Listen is what she did. But what she heard was priceless.
- “A life well lived is accomplishing your goals.”
- “Being happy, loving people and being peaceful within yourself.”
- “I think what keeps me going is my own internal curiosity. People will say to me, “You’re so curious. And I think what’s important in life is taking chances and risking, facing new situations, learning new skills and not getting in a rut.”
- “If you can say that, “I’ve made the world a better place because I’ve gone through it,” then I think that’s a life well lived.”
- “Live one day at a time, tomorrow comes soon enough.”
She focused on the lives of 40 people, old in age and strangely compelling. Watching makes you wonder if you might be getting a glimpse of your own future, something Bergman first though about with her grandmother.

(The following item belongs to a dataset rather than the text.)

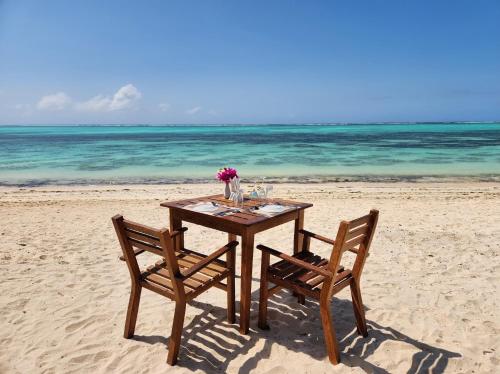 a table and two chairs on the beach at Almas Beach Boutique Hotel in Makunduchi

“When she was about ready to turn a hundred, I went back and filmed her working out at the gym. She used to work on her exercise and lift weights. And I wanna tell you, she didn’t start working out until she was in her 80s. So it’s never too late to start working out. She had a phrase, “Move it or lose it.” And she really lived that. So I thought, well, I better film her, because nobody’s gonna believe that at almost a hundred, she’s still working out at the gym. And just as a throwaway comment I said to her, “Grandma, do you have some words of wisdom?” And that was the beginning of this whole project.

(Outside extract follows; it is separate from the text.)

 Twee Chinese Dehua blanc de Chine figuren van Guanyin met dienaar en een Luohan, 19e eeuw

A project that started Bergman down a path of unexpected twists and turns, fighting against the fallacy that increasing age means diminishing value, revealing a source of wisdom that’s there for all of us to benefit from, that instead we tend to isolate and ignore. “One of the things that I learned when I was doing the research for the film is that the last hundred years is the first time in human history that we’ve looked to anyone other than our elders for advice. We look at our cellphones. And you think about young people, they don’t necessarily have that connection of a grandparent, or an elder in their life to ask questions to. And I really feel the world is suffering as a result.”
Suffering is a recurring theme. Nearly everyone in the film talks of facing something unthinkable, fighting in war, fighting for food, the sting of racism.

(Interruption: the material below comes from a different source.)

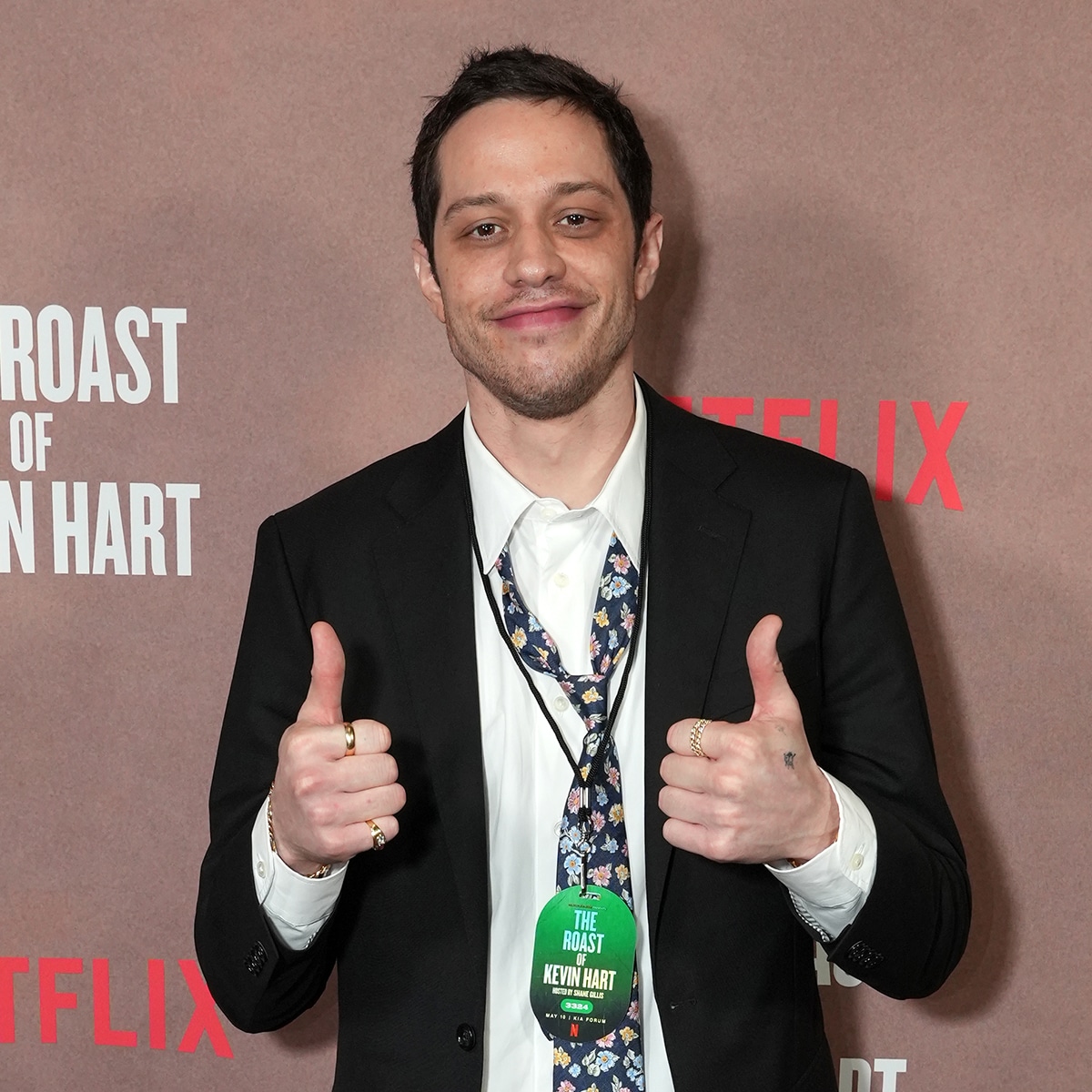 Pete Davidson in black and white as mobster Tommy Pitera in the upcoming film Tommy Karate, wearing a dark suit with hair brushed back.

- “We were taken out of our homes. We had to leave everything. And we could only take what we could carry.”
- The Civil Rights Movement.
- “I would be on the picket lines all the time. And coping with separation, loss and death.”
The film reminds us that wounds don’t always show on faces. Yes, Bergman had stumbled onto something more profound than even she realized.
“It was not only about their words of wisdom, but also about the stories that they had, and the legacy that they had, and their history. And how they overcame some really terrible times in their lives, and still were such positive people. And that those stories really needed to be told.”
They’re stories that are fascinating on their own, but even more important for what they can teach us about ourselves. Stories we can use as an invaluable guide to help direct our own difficult choices as we move forward, if we open our lives to those who came before.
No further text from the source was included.